I always wondered how I enjoyed going on a drive my dad so much because I get car sick now. Maybe going in a car was just different after he was gone. A lot of things have become different ever since he left us. I became shy and introverted after I found out kids at my school were calling me ‘a kid without father’. The warmth and laughter in our house were never the same after we sent his cold, stiff body away from our home to the mountain where we spread his ashes.
My grief and longing for my long-gone father were getting more intense as the years passed and as I transitioned into my adulthood. At my friends’ weddings I realized that my father isn’t here to walk me down the aisle.
I needed something to remember him. I visited my grandfather in South Korea and asked him to take me to the mountain, where we released the small remaining part of his body back to the earth. I thought that was the end until I started missing him again. In fact, I never had looked into my grief.

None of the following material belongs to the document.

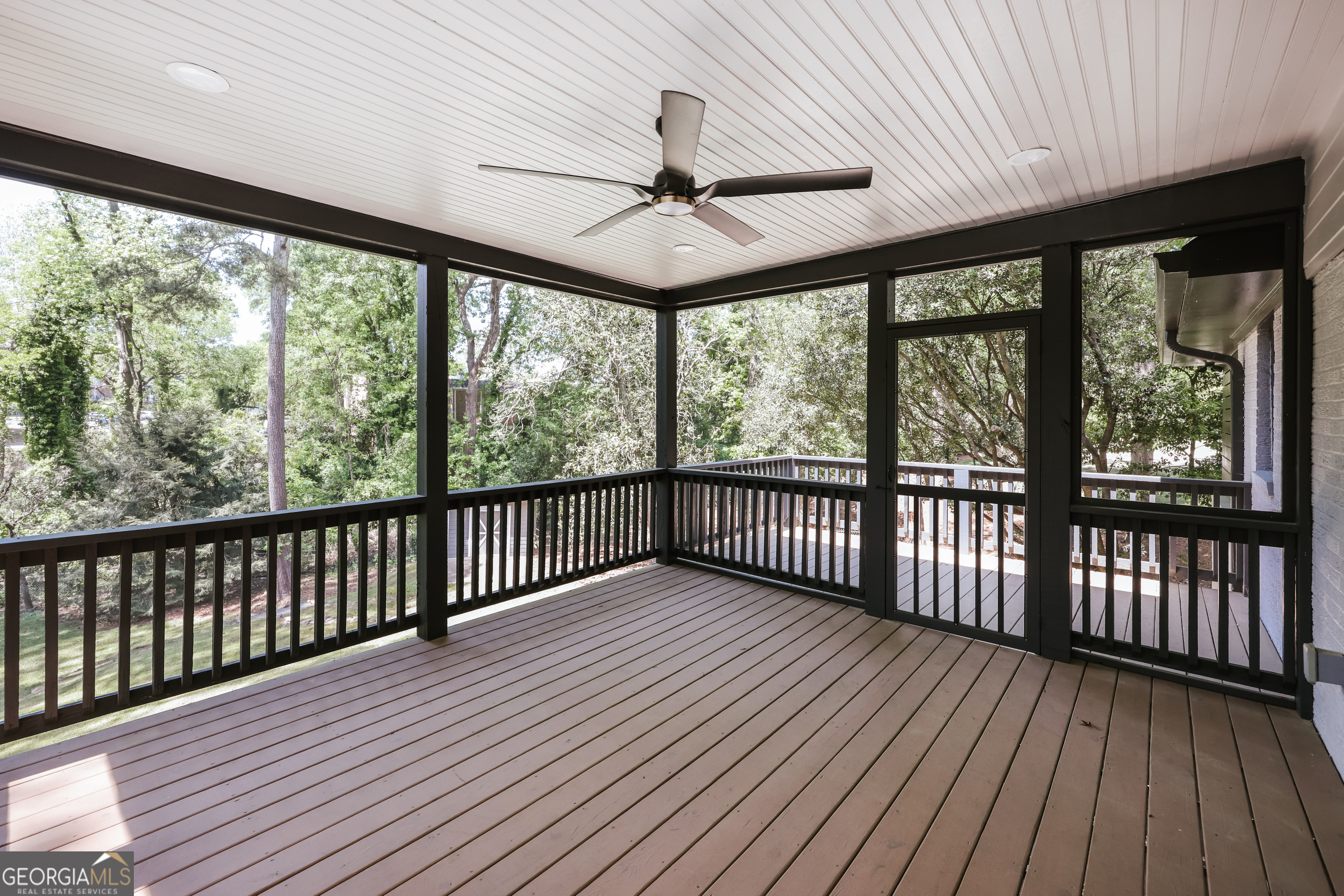 290 Fortson Drive Athens, GA 30606 - Photo 18 of 61 a view of a porch with wooden floor in balcony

The mountain in the wintertime was barren and dry. I started sobbing as soon as I saw where he is now. He’s been waiting for my sister and me in this cold, lonely place. As my grandpa insisted, we followed the old Korean ritual of burning the stuff we wanted to give him and treating him food and alcohol. We prepared nice clothes for him and food and soju he used to like.
My grandpa poured some soju onto the ground. After saying sorry, his words were choked with tears. My sister burned the long letter she had written for him and looked at the ground. I frantically looked around with blurred vision with tears as we went through the ritual, hoping he would show up. I didn’t care if it was a ghost or my hallucination, I just wanted to see him. And I wanted to know that he’s still with us.

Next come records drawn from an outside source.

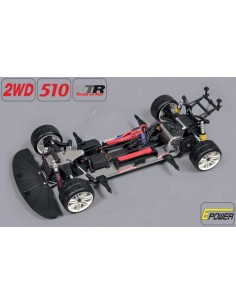 Voiture Sportsline 2WD 510 E RTR - LCDP - Radiocommande.fr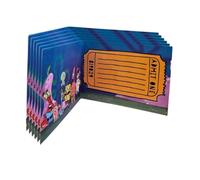 BeenSmile, Bob l éponge, Carte Invitation Anniversaire pour Garçons et Filles, Carte Invitation Anniversaire Enfant, Invite tes Amis à ta Fête la plus Amusante, 6U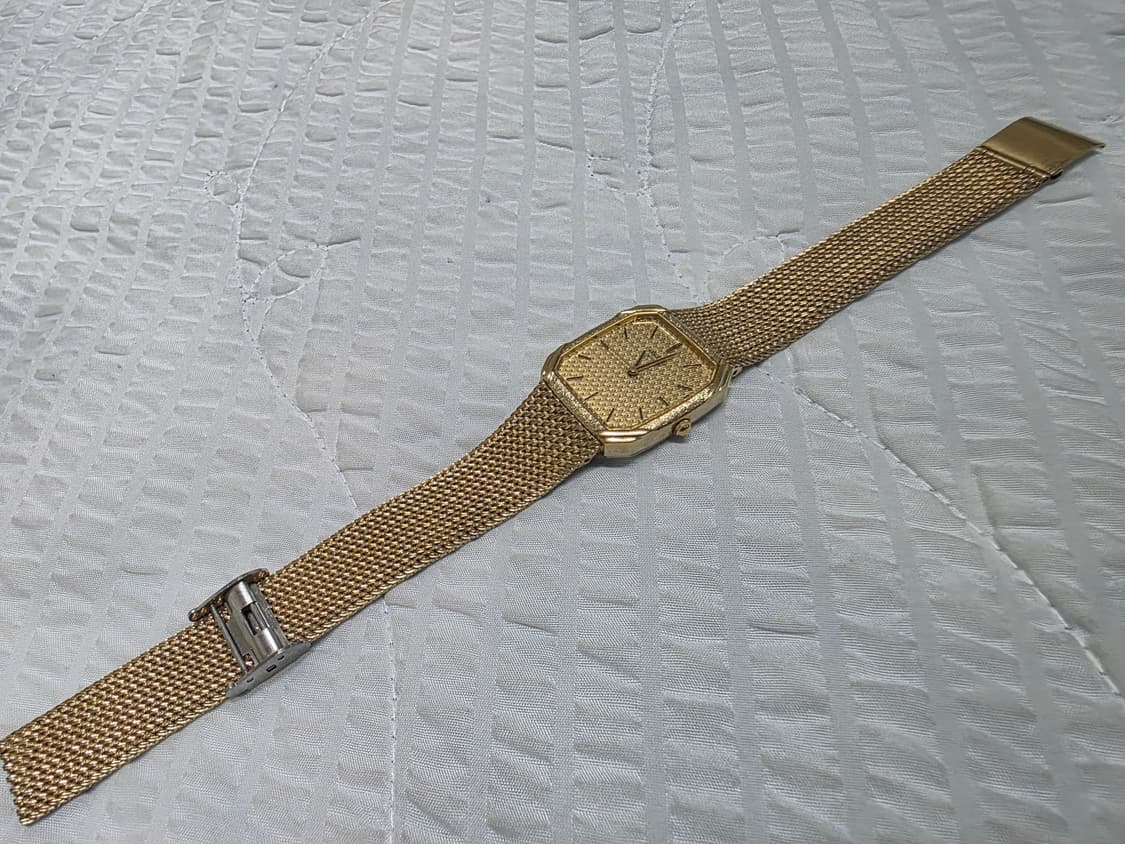 세이코 80년대 빈티지 금장 메탈 쿼츠 시계 SEIKO 상품이미지8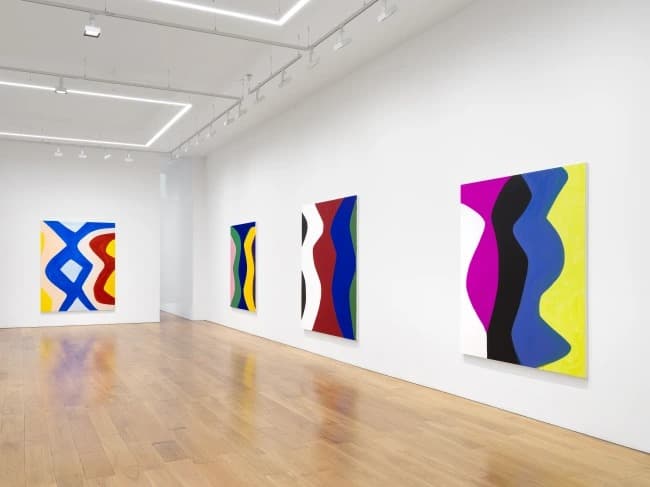 Installation view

I didn’t see any moving thing except for a black butterfly that was hovering around which is odd to see in the wintertime. And I remembered my grandma saying that dead people sometimes come back in a butterfly form when they miss the loved ones they left on Earth. I wasn’t sure if that was my father or if he is really somewhere listening to his daughters grieving him after a long time long after he passed away. But that day changed something in me. I decided to believe that he is somewhere looking over us, caring for us, and loving us.
As my spirituality grew, my belief became stronger and stronger, and I know our connection is not over. I know his love didn’t leave me. His love is still stored in my heart. The heart ultimately stores memories through combinatorial coding by nerve sells. The cell memory phenomenon, which still not considered 100 percent scientifically-validated, is still supported by several scientists and physicians.
I read some stories of heart transplant surgeries and organ transplant recipients remembering the donor’s memories or habits. My heart still remembers my father. The love I received from him is still there. When I see the love and warmth in my husband’s eyes, it reminds me of the love in my heart I received from my father as a child. I am loved more than I imagine.
This transformed my life. I no longer blame God or my dad for making me a fatherless kid. I have an angel caring for me and protecting me. It’s my father. I’m not afraid anymore, knowing that I am so loved and protected.
You are never alone and Love never dies.